Crude Oil Prices Rise on Higher US Employment Data
By Adedapo Adesanya
Crude oil prices climbed more than 1 per cent on Friday after better-than-expected US employment data ended the days of drops.
Brent rose $1.19 or 1.5 per cent to $82.78 a barrel, while US West Texas Intermediate crude (WTI) was up 96 cents or 1.3 per cent at $76.68 per barrel.
Expectations of further rate hikes in the world’s largest economy, the US and in Europe have troubled the global growth outlook and driven both crude benchmarks down this week.
However, US employment data for February beat expectations, with nonfarm payrolls rising by 311,000, compared with expectations of 205,000 jobs added.

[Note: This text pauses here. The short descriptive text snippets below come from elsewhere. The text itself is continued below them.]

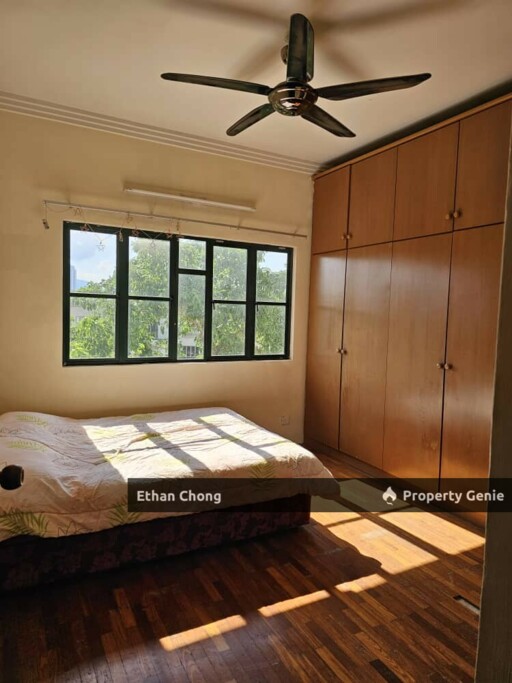 Fully Furnished Super Linked House for Sale at Anjung Damai, Kuala Lumpur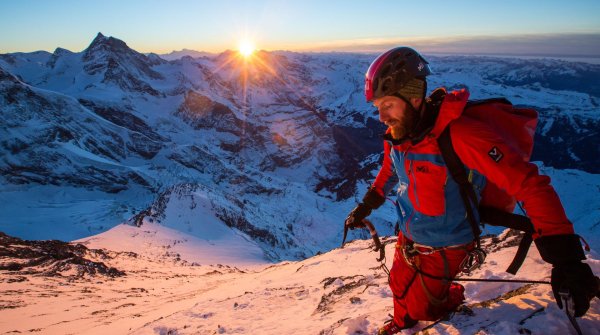 Der Umsatz bei der Outdoor-Sparte Millet Outdoor Group schmolz im vergangen Halbjahr förmlich dahin. Das belastet die Calida-Geschäftszahlen.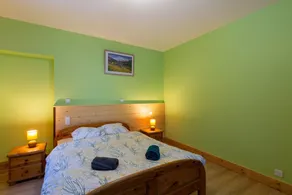 Appartement „Le Bouquetin“ mit Bergblick, privater Terrasse und Balkon - Image 4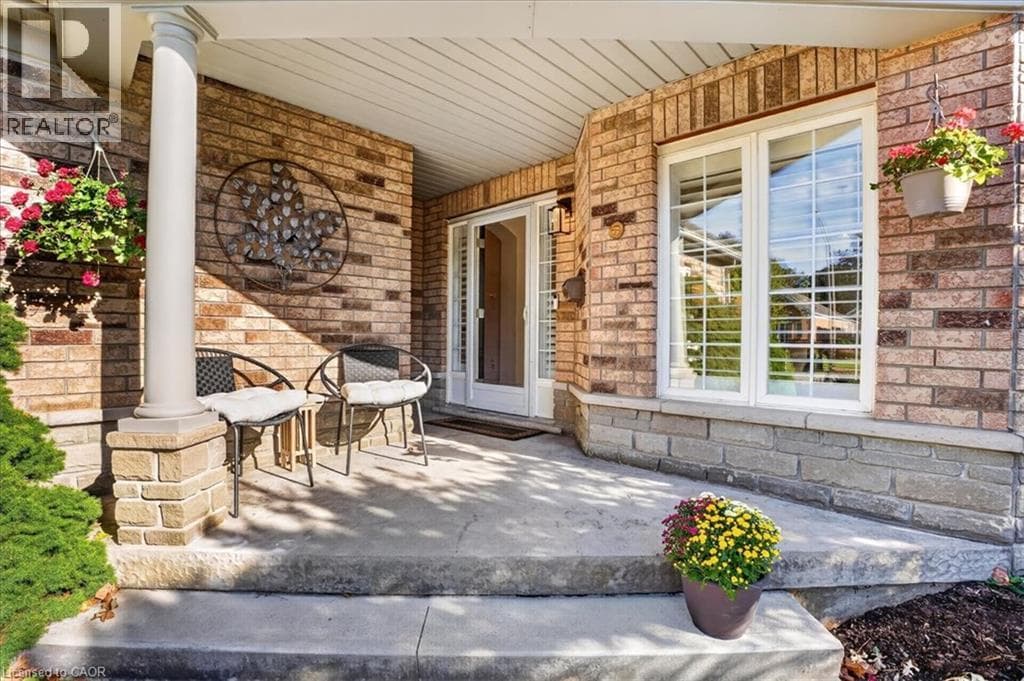 Detached for sale at 147 REIBER Court, Erb West, Waterloo, Ontario, photo 8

This is likely to ensure that the Fed will raise interest rates for longer, which analysts have said would weigh on oil prices.
According to a survey from Reuters, nonfarm payrolls likely increased by 205,000 jobs last month, less than half of the eye-popping 517,000 added in January.
If this happens, it would be the smallest gain since December 2020 and would be double the 100,000 jobs per month that economists say is needed to keep up with growth in the working-age population.
US Federal Reserve Chair, Mr Jerome Powell, has warned of higher and potentially faster rate hikes, saying the US central bank was wrong in initially thinking inflation was transitory, sending shivers ahead of its next monetary policy meeting planned for March 21-22.
On the supply side, major oil producers Saudi Arabia and Iran, both members of the Organization of the Petroleum Exporting Countries (OPEC), re-established ties after days of previously undisclosed talks in China.
Both countries agreed to resume diplomatic relations and re-open embassies within two months, according to a statement issued by Iran, Saudi Arabia and China.
A return of this could lead to more acceptance of Iranian crude in the oil market, which could add to the number of oil barrels flowing through the world.
Investors are closely monitoring export cuts from Russia, which decided to trim oil output by 500,000 barrels per day in March.
Pressure also came following a stronger Dollar. A strengthening Dollar makes oil more expensive for holders of other currencies.